Dataset excerpts:
┄┄┄┄┄┄
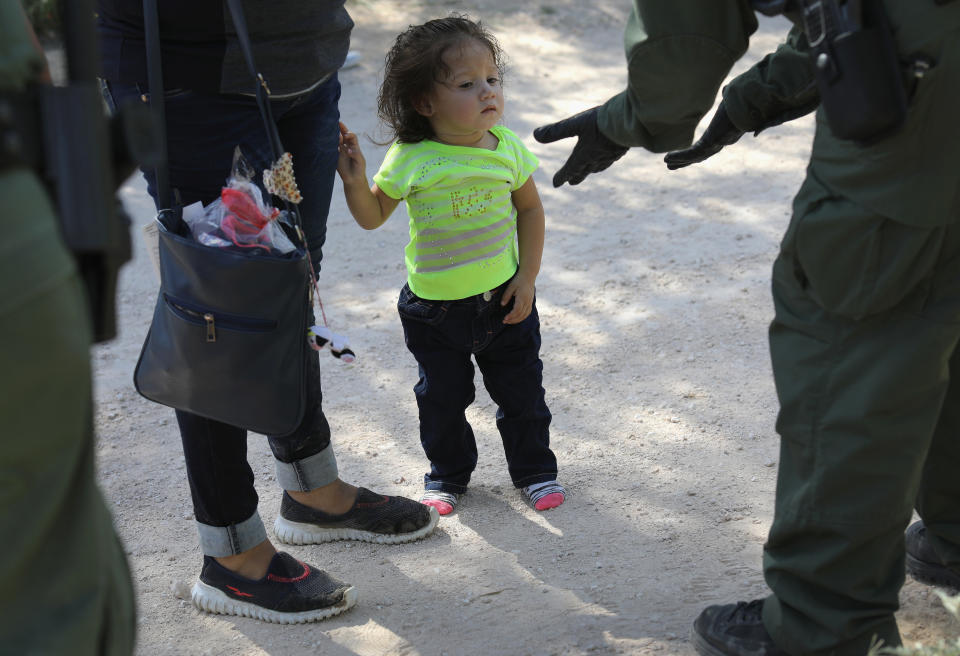 U.S. Border Patrol agents take a Central American family into custody on June 12, 2018 near McAllen, Texas.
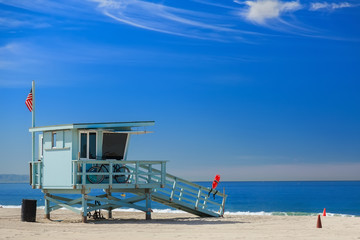 Lifeguard station with american flag on Hermosa beach - 84320298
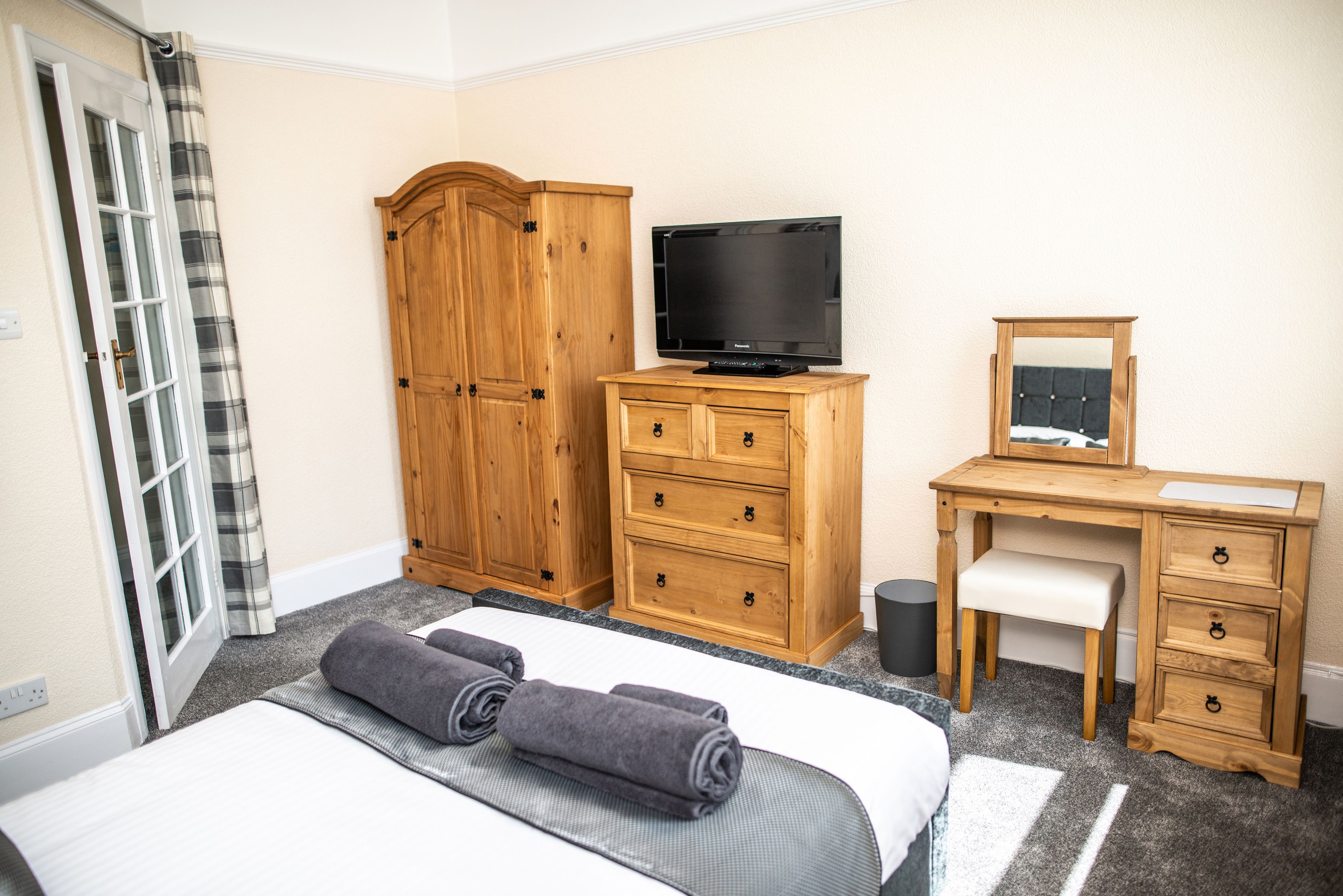 A hotel room with a bed, a wooden wardrobe, a desk with a chair, a television, and a mirror.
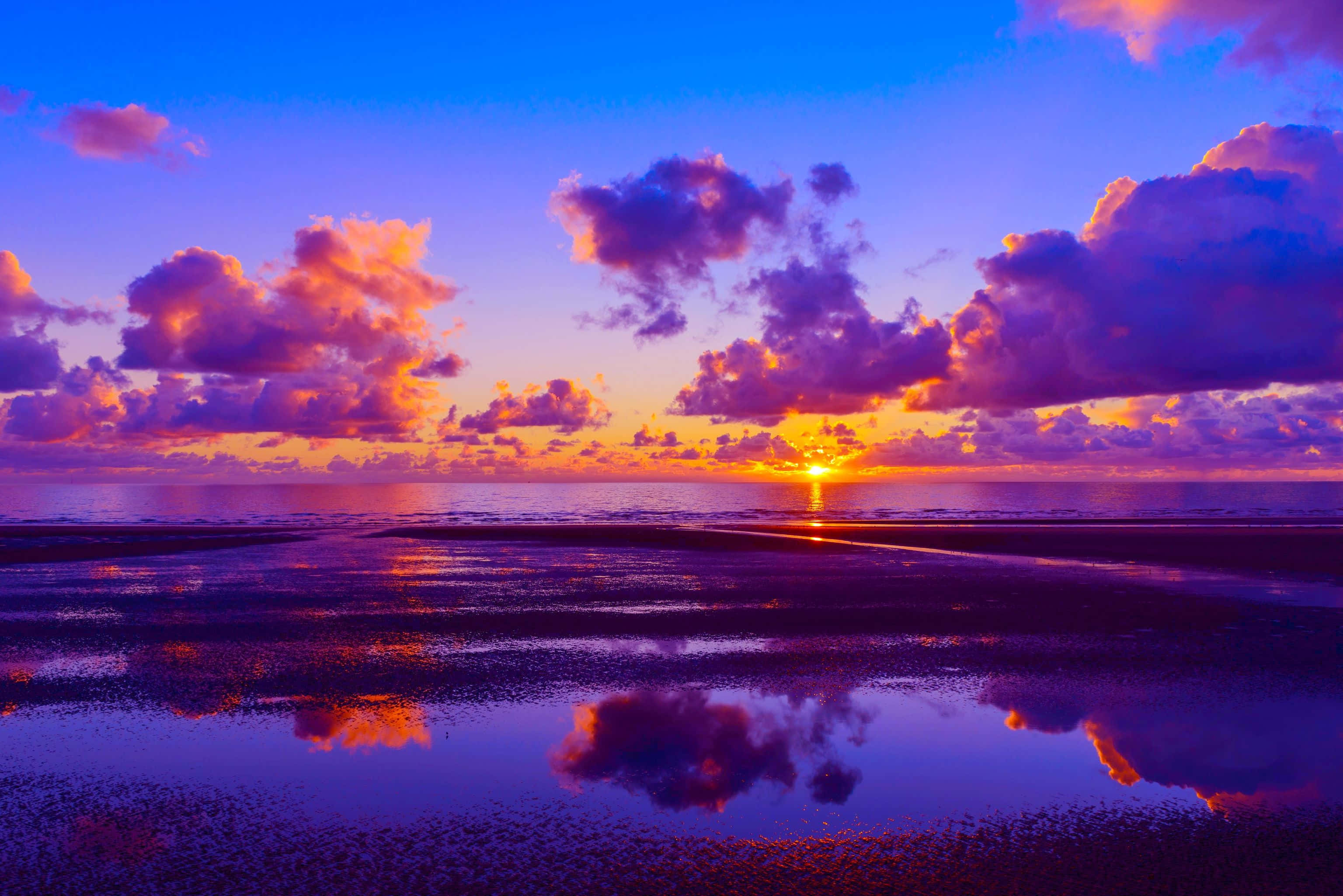 Colorful Sunset 桌布 壁紙 — 濕潤沙灘上令人驚嘆的日落，鮮豔的紫色、橙色和藍色雲彩倒映在淺水中。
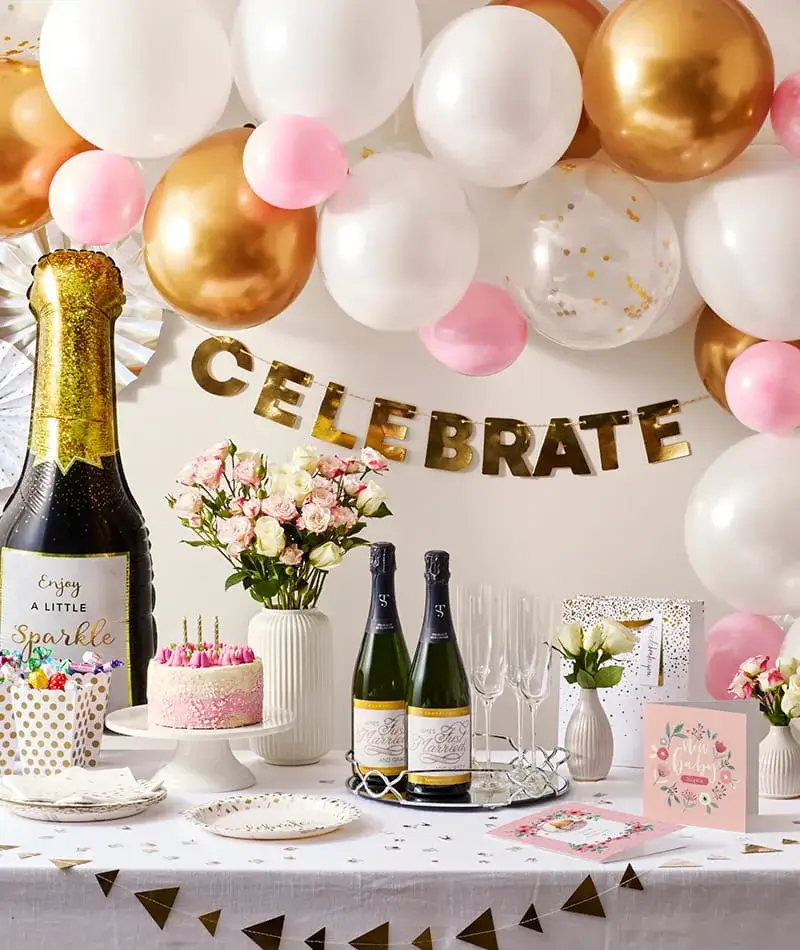 Celebration party table with champagne bottles, cake, flowers, greeting cards, and pink, white, and gold balloons with a celebrate banner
┄┄┄┄┄┄
=== EXERCISE OBJECTIVE ===
Retype the data above verbatim, minus images.

=== TASK OUTPUT ===
 U.S. Border Patrol agents take a Central American family into custody on June 12, 2018 near McAllen, Texas.
 Lifeguard station with american flag on Hermosa beach - 84320298
 A hotel room with a bed, a wooden wardrobe, a desk with a chair, a television, and a mirror.
 Colorful Sunset 桌布 壁紙 — 濕潤沙灘上令人驚嘆的日落，鮮豔的紫色、橙色和藍色雲彩倒映在淺水中。
 Celebration party table with champagne bottles, cake, flowers, greeting cards, and pink, white, and gold balloons with a celebrate banner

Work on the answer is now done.